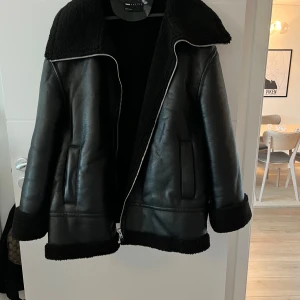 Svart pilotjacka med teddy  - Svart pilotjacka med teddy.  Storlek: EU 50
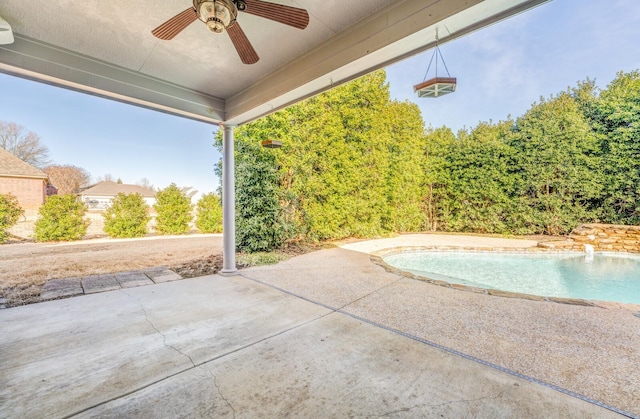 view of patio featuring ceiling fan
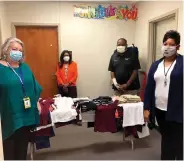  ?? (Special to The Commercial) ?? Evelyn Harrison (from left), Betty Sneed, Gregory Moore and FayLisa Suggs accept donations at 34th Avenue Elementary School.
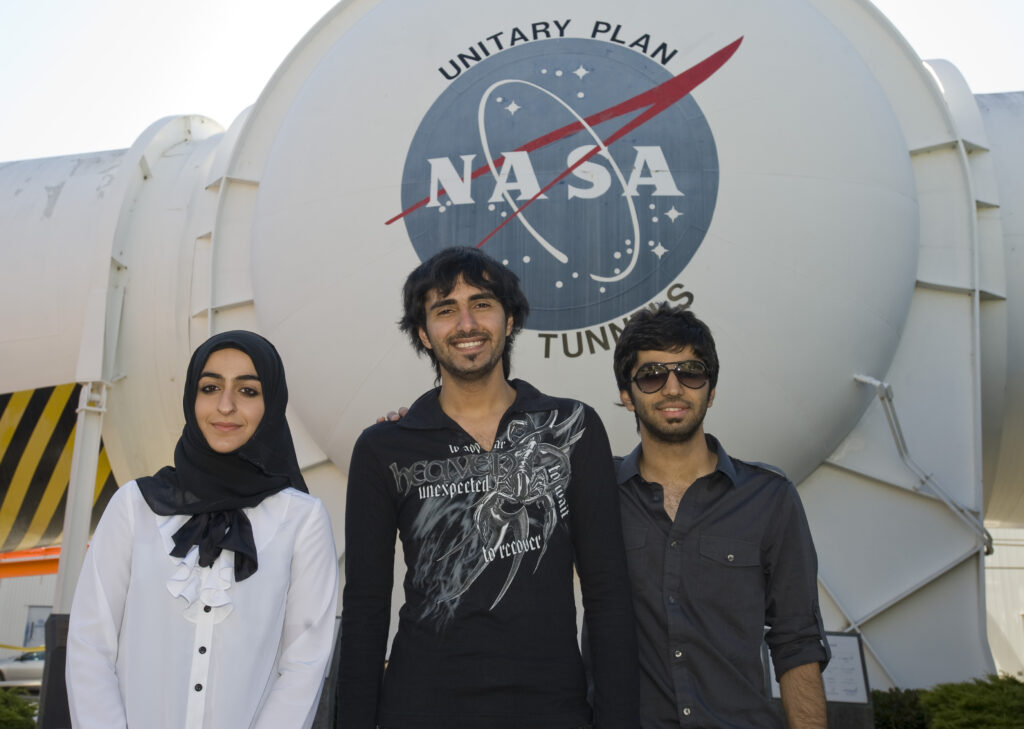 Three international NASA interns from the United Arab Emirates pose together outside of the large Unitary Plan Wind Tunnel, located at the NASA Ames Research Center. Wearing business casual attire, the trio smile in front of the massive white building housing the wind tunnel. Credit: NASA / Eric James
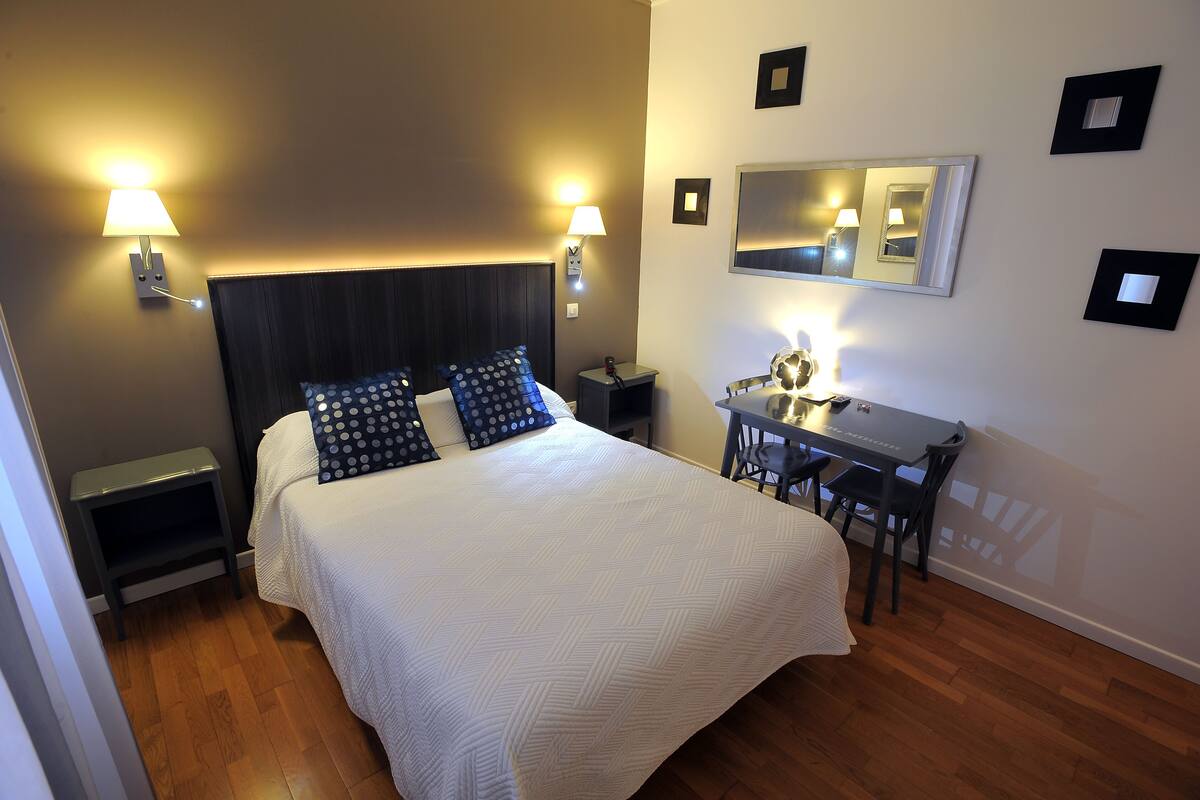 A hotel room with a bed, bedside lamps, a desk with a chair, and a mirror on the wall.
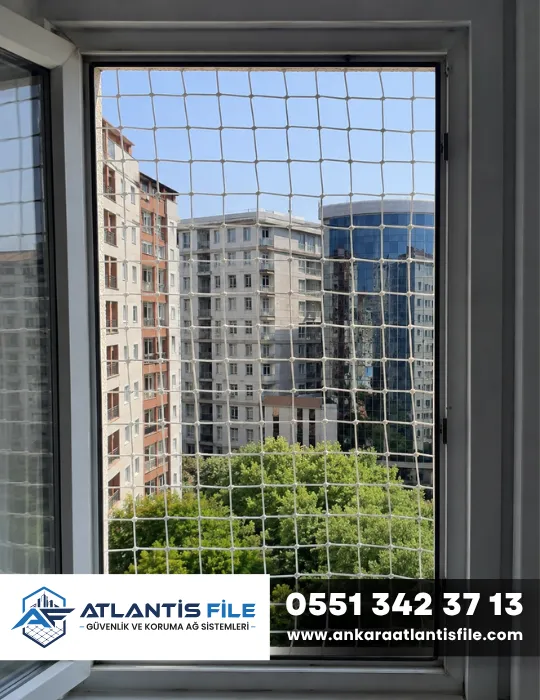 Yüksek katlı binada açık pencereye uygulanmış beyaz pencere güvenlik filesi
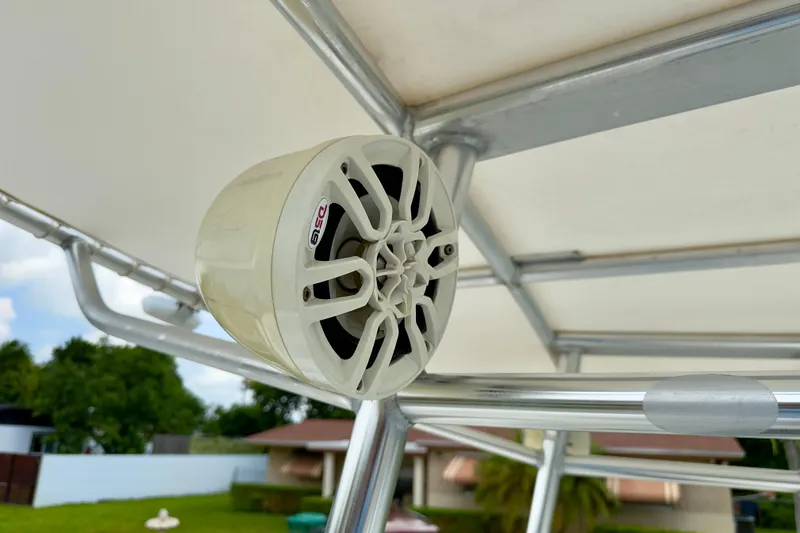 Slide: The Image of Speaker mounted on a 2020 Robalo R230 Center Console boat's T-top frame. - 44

==

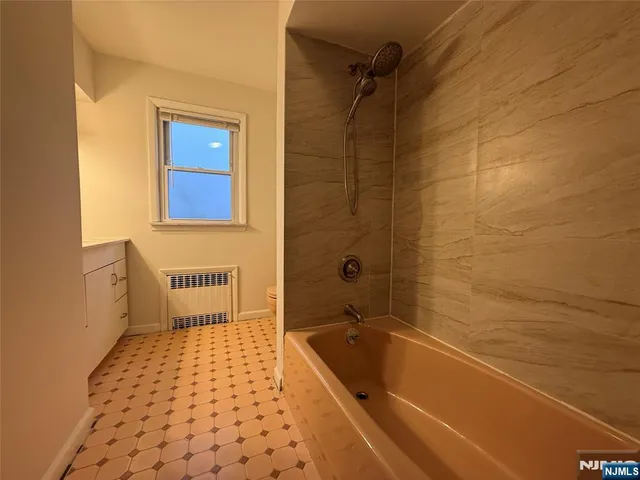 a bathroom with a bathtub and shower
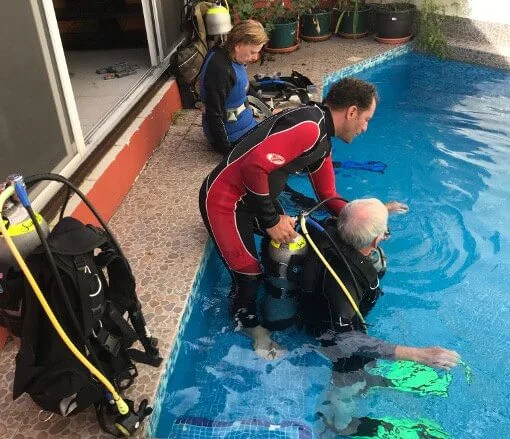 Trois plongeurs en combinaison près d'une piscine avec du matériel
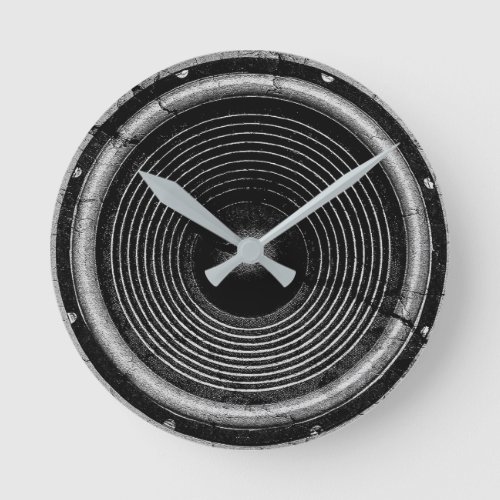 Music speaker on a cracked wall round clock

• [Problem requirements]
Here the job is to copy the stretch of records from the line containing "Trois plongeurs en" through the line containing "Music speaker on a cracked wall round clock", word for word. Leave every picture out.

• [Reply to the exercise]
 Trois plongeurs en combinaison près d'une piscine avec du matériel
 Music speaker on a cracked wall round clock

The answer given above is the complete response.